* [TO DO] After locating the line with "-泓炙颐凤鲜海鲜火锅料理(桐乡店)" in the entries below, output it and each following line up to and including the line with "Ver2　シャフト：N.S.PRO TS-114w Ver2", exactly and without pictures.

* [AVAILABLE DATA]
________
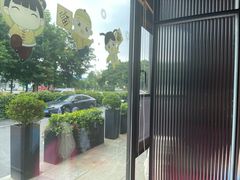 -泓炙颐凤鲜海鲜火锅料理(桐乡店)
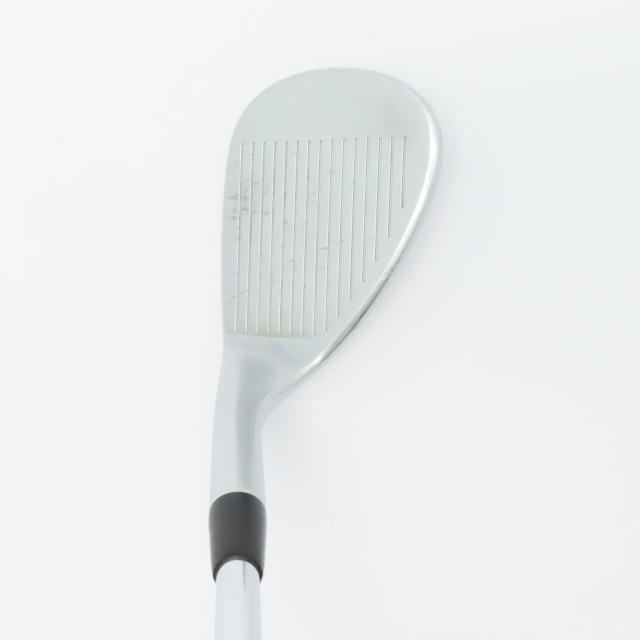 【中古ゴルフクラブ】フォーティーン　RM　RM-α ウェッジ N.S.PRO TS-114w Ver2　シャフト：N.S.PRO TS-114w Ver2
________
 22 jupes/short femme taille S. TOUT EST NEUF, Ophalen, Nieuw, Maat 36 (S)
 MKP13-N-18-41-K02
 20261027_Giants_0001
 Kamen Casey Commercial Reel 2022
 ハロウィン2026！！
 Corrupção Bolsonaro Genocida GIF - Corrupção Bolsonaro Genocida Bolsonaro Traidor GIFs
________
* [SOLUTION FOR THIS PROBLEM]
 -泓炙颐凤鲜海鲜火锅料理(桐乡店)
 【中古ゴルフクラブ】フォーティーン　RM　RM-α ウェッジ N.S.PRO TS-114w Ver2　シャフト：N.S.PRO TS-114w Ver2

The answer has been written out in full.